Lenin’s Revolution vs. Luther’s Reformation

Human Events | Marvin Olasky | Nov. 8, 2007

Luther was a theological revolutionary but not a political one. In 1521, he wrote “A Sincere Admonition by Martin Luther to All Christians To Guard Against Insurrection and Rebellion.” The following year, as political unrest intensified, Luther preached about effecting change through patience, charity and reliance on God’s word rather than violence.

He portrayed the devil enjoying religiously based class warfare: “He sits with folded arms behind the fire of hell, and says with malignant looks and frightful grin: ‘Ah, how wise these madmen are to play my game! Let them go on; I shall reap the benefit.'”

When one of the madmen, Thomas Muntzer, led a communist uprising in 1524 and 1525, Luther argued that “the Gospel does not make goods common, except in the case of those who do of their own free will what the apostles and disciples did in Acts IV. They did not demand, as do our insane peasants in their raging, that the goods of others — of a Pilate and a Herod — should be common, but only their own goods.”
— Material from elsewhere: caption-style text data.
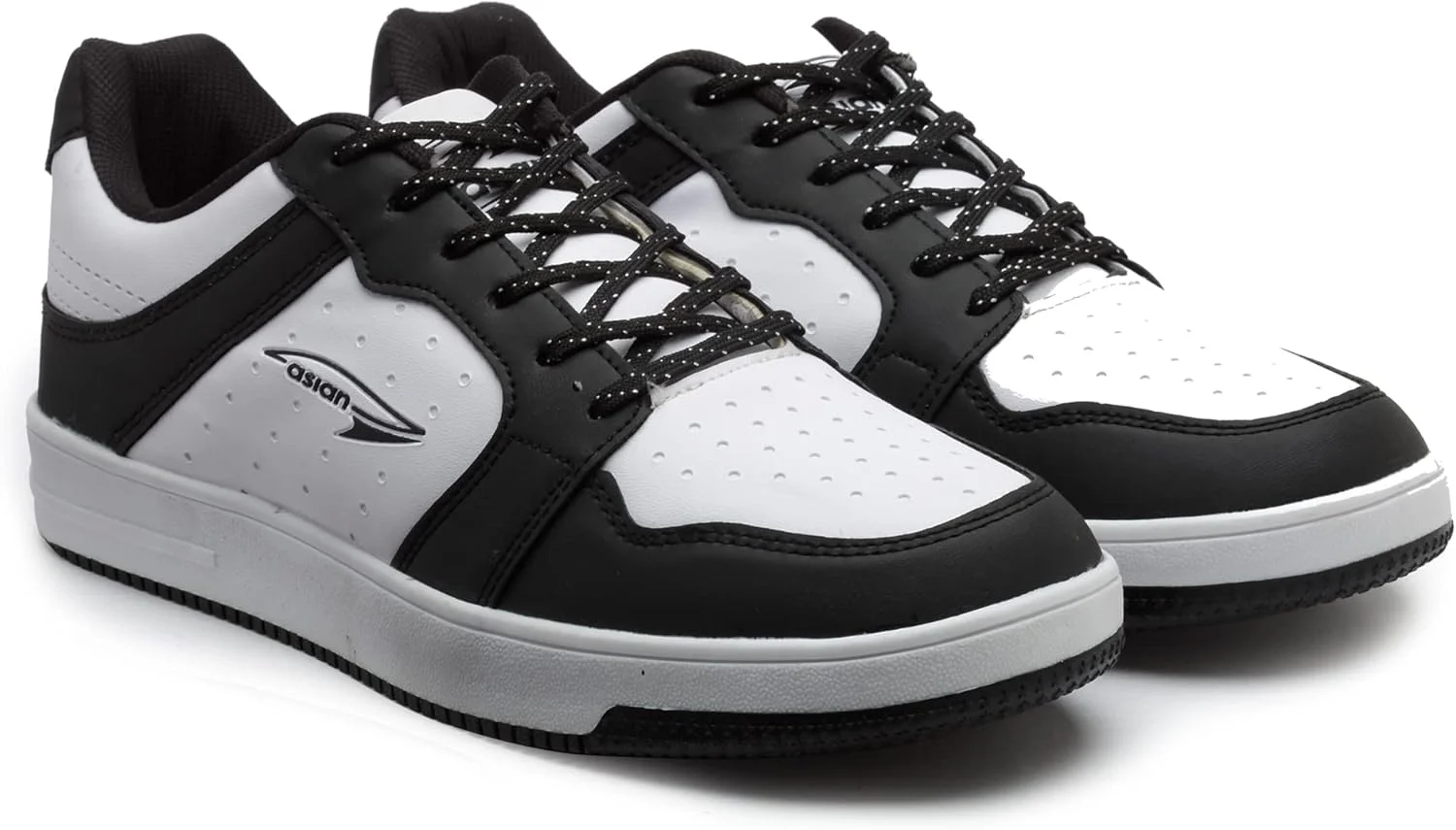 کفش کتانی مردانه ASIAN مدل JASPER-05، مناسب پیاده روی و باشگاه، دارای زیره لاستیکی ضخیم با فناوری زیره ضد آب مصنوعی TPR به همراه کفی مموری فوم و بند دار، مشکی، سایز 38.5 اروپا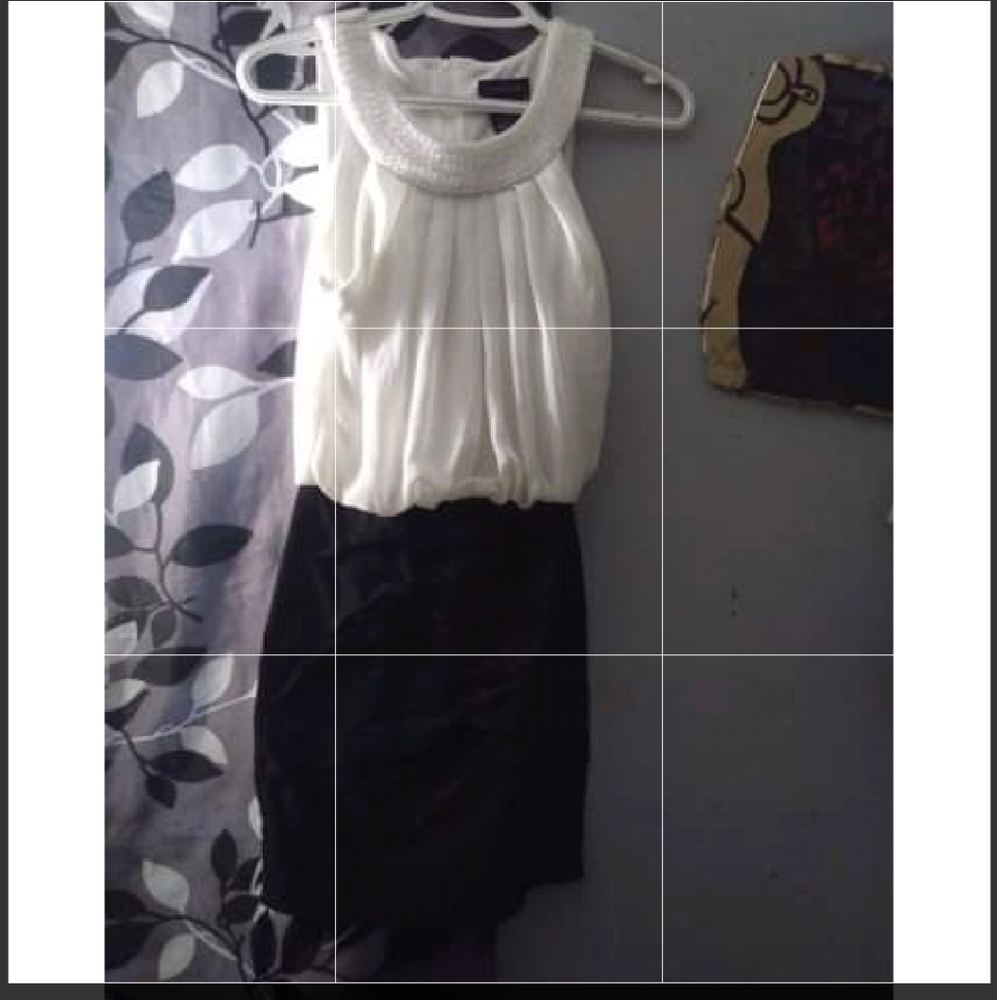 White & black mini dress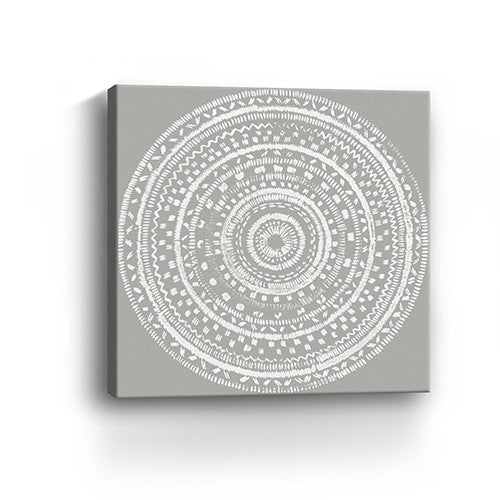Homeroots Boho White Mandala Unframed Print Wall Art  Polyester 399002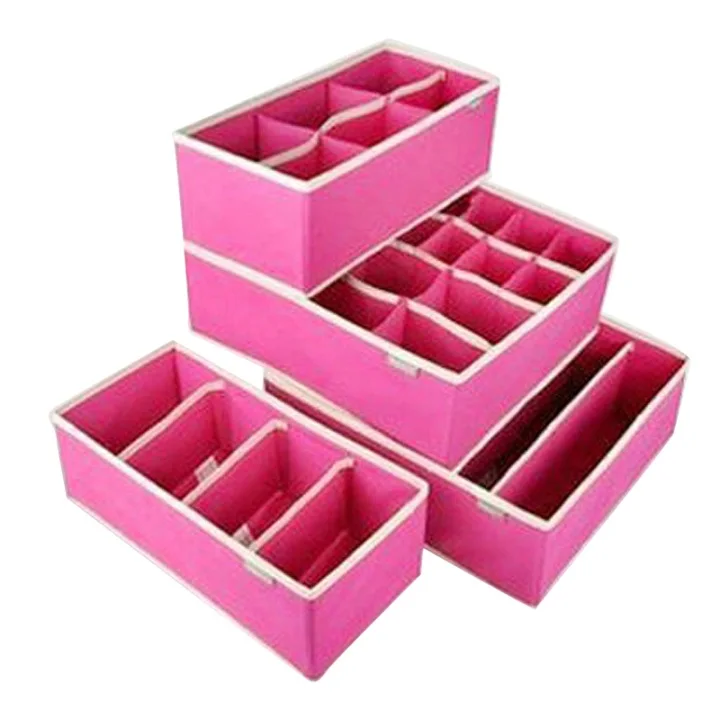 Для Хранения нижнего белья, бюстгальтеров коробка не Тканевый шкаф с выдвижными ящиками органайзер для ларца носок шарф; многоразмерные х/контейнер - Цвет: 4PCS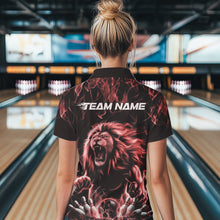 Load image into Gallery viewer, Custom Black And Red Flame Lion Bowling Women Quarter-Zip Shirts, Lion Team Uniform IPHW8983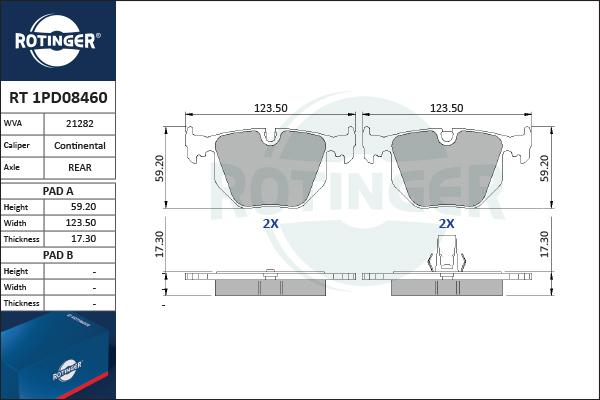 Rotinger RT 1PD08460 - Brake Pad Set, disc brake autospares.lv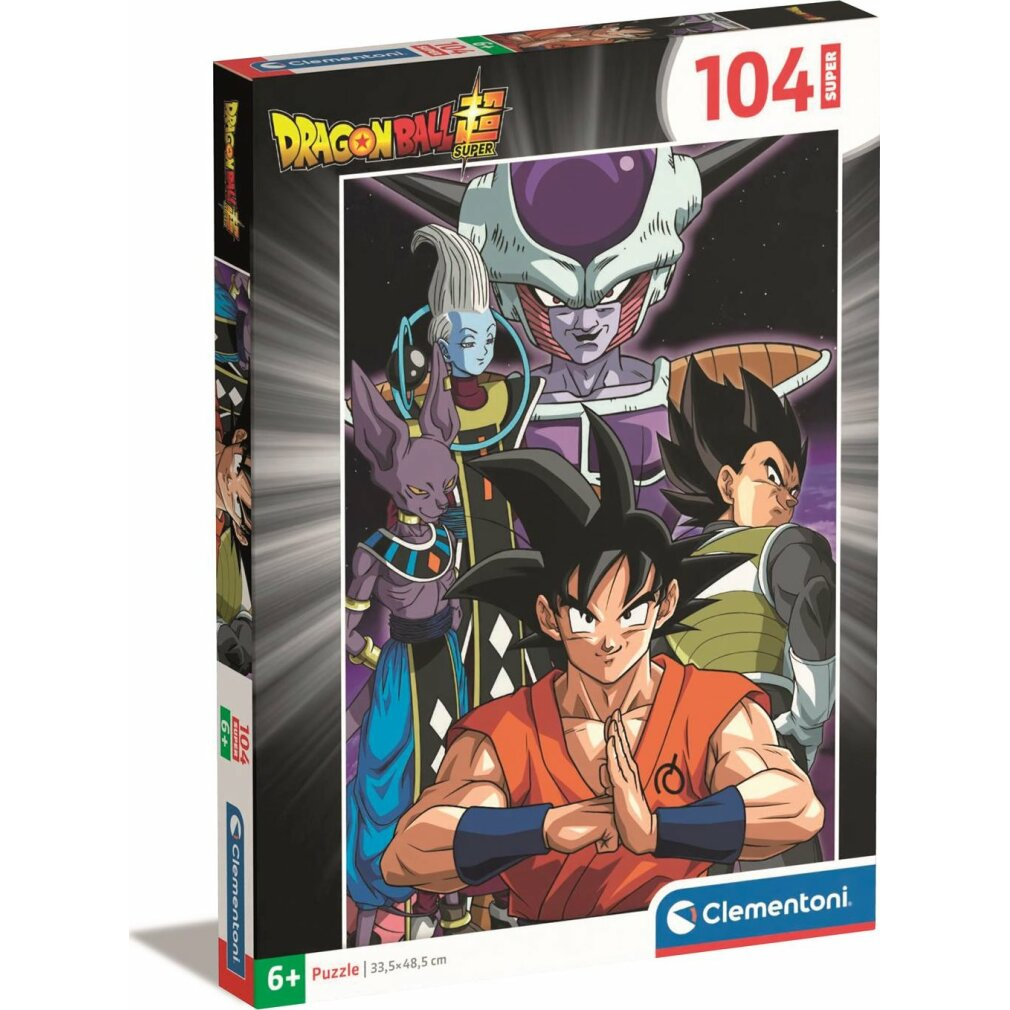 Puzzleschachtel mit Dragon Ball Super-Charakteren. Goku im Vordergrund, andere im Hintergrund. Frieza, Vegeta und andere sind sichtbar.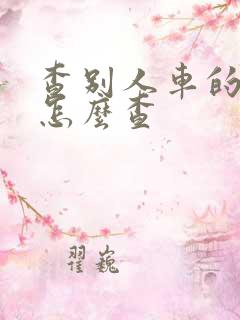 查别人车的违章怎么查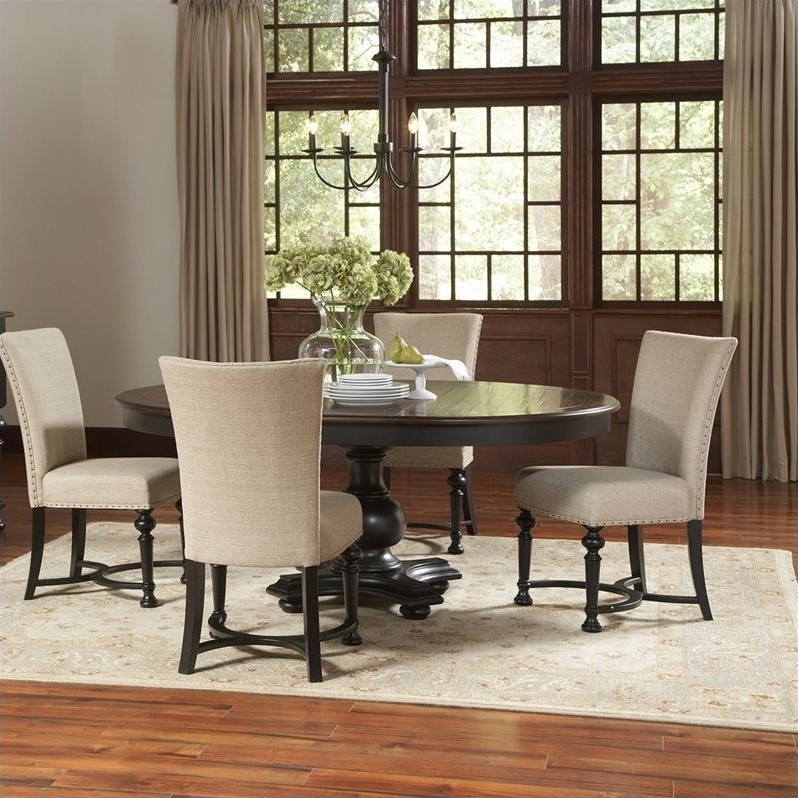 Riverside Furniture Williamsport 5 Piece Dining Table Set in Nutmeg ...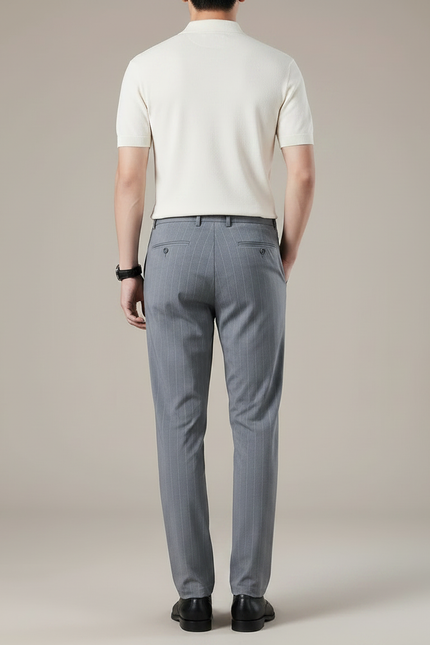 Pantalon Fluide Gris Rayé Ample Décontracté Homme - Polyester - vue 2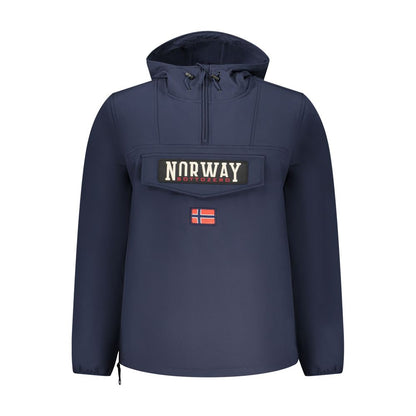 Blue Polyester Men's Jacket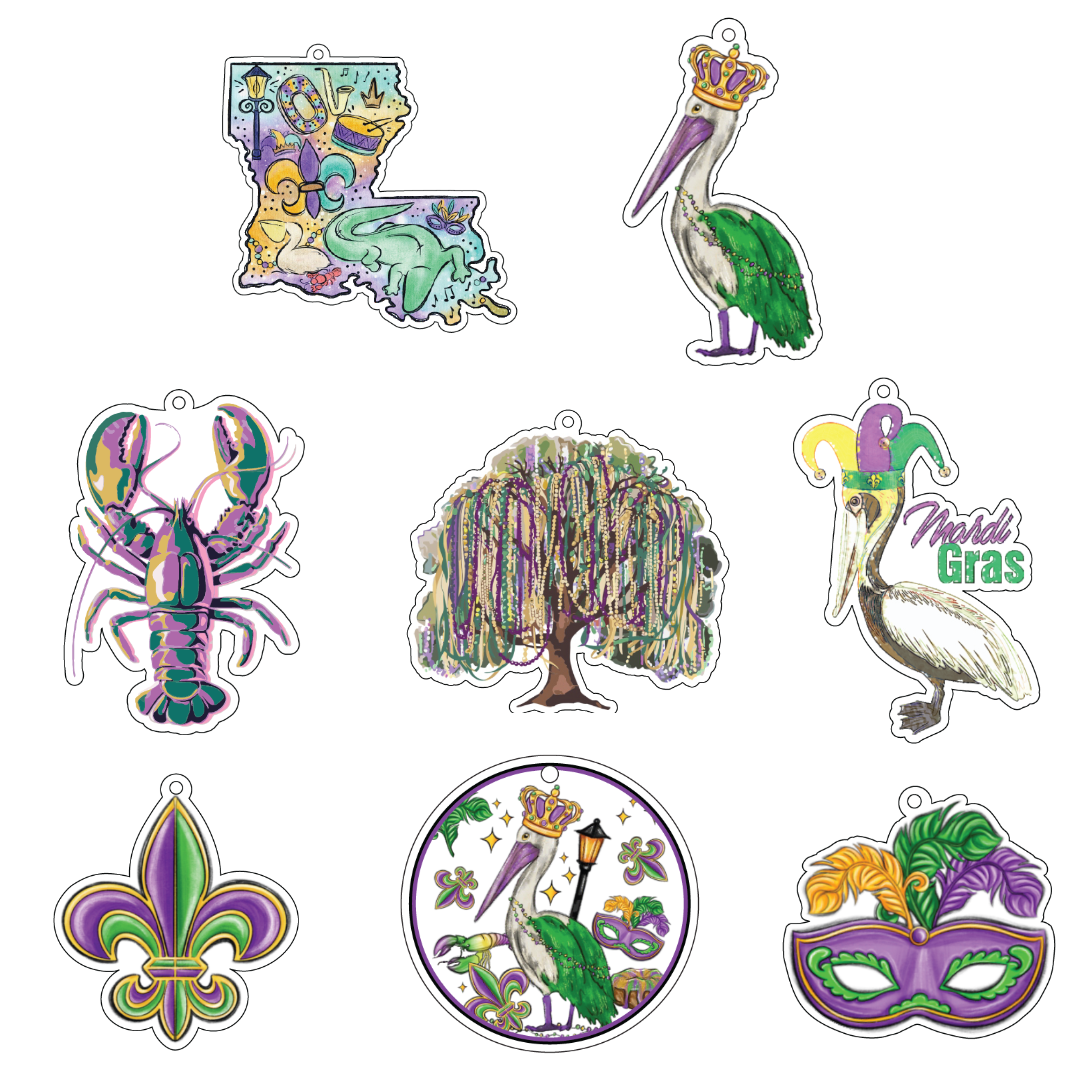 Mardi Gras Acrylic Ornament (Set of 7) Bundle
For nearly five centuries, many Protestants have followed Luther’s distinction. It’s good for Christians to be charitable by voluntarily selling property they don’t need to help those in need. But kissing up to envy by instituting government-forced theft is sleeping with Satan.

Communism always works out poorly in practice because people work hardest when they get to keep for themselves and their families most of what they have earned. Those who provide valuable goods and services deserve their profits, and government should not seize it. Government can tax it, but countries prosper the most when taxes are low.

Why, when the historical evidence is so clear, does communism periodically rear its exceptionally ugly head, sometimes in profile as “Christian socialism” and sometimes in full-monty flare? Part of the appeal lies in the thrill of overturning God-given patterns of family and enterprise and substituting our own. Part is power seeking. Part is satanic.

It all comes back to the difference between 490 and 90. In his 1952 book, “Witness,” Whittaker Chambers wrote that Communism “is not new. It is, in fact, man’s second oldest faith. Its promise was whispered in the first days of the Creation under the Tree of the Knowledge of Good and Evil: ‘Ye shall be as gods.’ It is the great alternative faith of mankind. … The Communist vision is the vision of Man without God.”

Chambers eloquently continued: “It is the vision of man’s mind displacing God as the creative intelligence of the world. It is the vision of man’s liberated mind, by the sole force of its rational intelligence, redirecting man’s destiny and reorganizing man’s life and the world. It is the vision of man, once more the central figure of the Creation, not because God made man in His image, but because man’s mind makes him the most intelligent of the animals.”

London journalist Richard Spencer put it well two years ago in The Telegraph:
“Christianity lays down that a man’s responsibility to his neighbour is personal, a matter for his individual conscience, while communism decrees that all duties are collective, to be enforced by the state. … Communism and its blood-brother, fascism, have been responsible — in Asia, Europe, Africa and South America — for more human misery over the past century than any other systems of belief thought up by man.”

A crucial difference between 490 and 90: “Christianity teaches that each of us is a moral being, responsible for our actions to our Maker, and individually bound to love our neighbors as ourselves.”